_TASK REQUIREMENTS:_ Transcribe the data that follows in full. Leave out the pictures.

_DATA SEGMENT:_
--- START ---
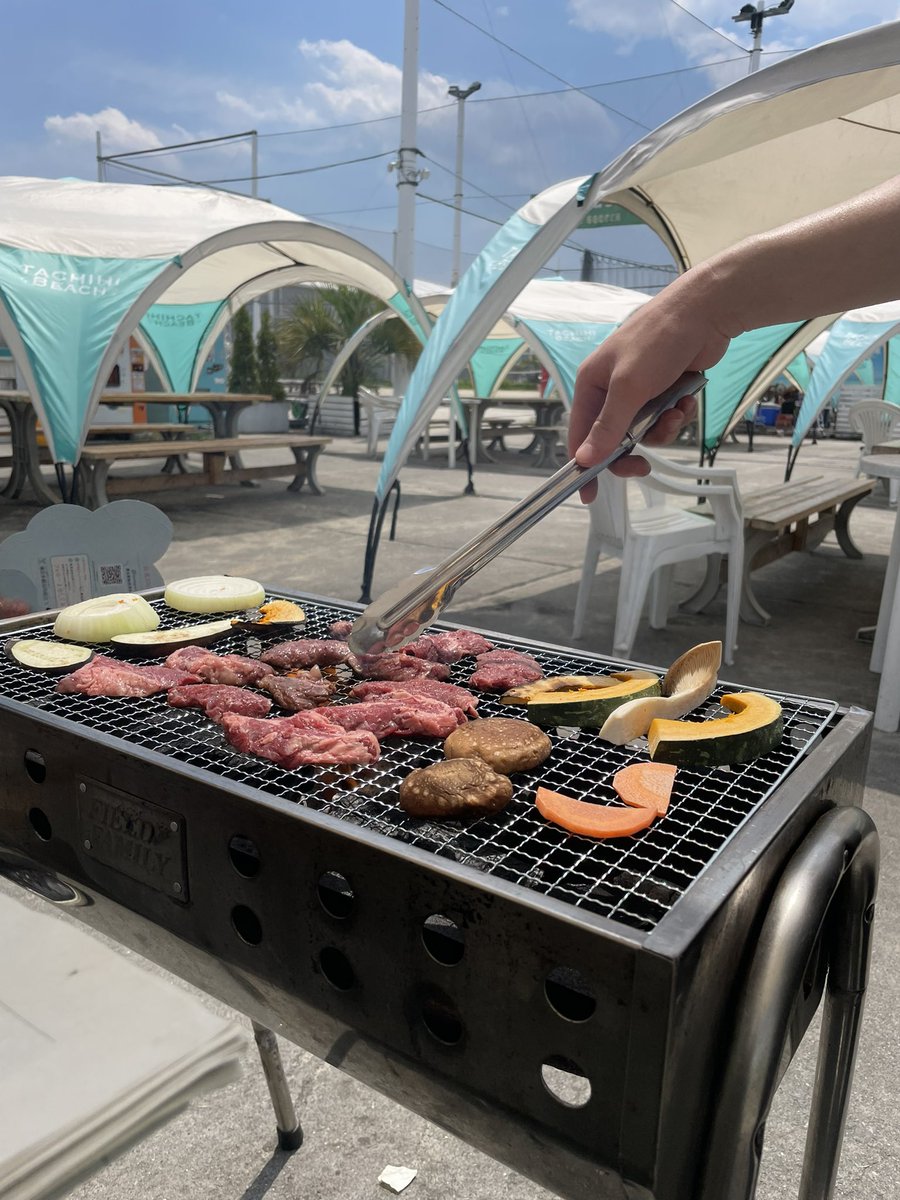 focusonbuzz's tweet photo. せっかくのBBQが、、、、😭😭
でもすぐ止んで良かった！
 #タチヒビーチ  #BBQ https://t.co/jaaJPBQa5T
--- END ---
_WRITTEN REPLY:_
 focusonbuzz's tweet photo. せっかくのBBQが、、、、😭😭
でもすぐ止んで良かった！
 #タチヒビーチ  #BBQ https://t.co/jaaJPBQa5T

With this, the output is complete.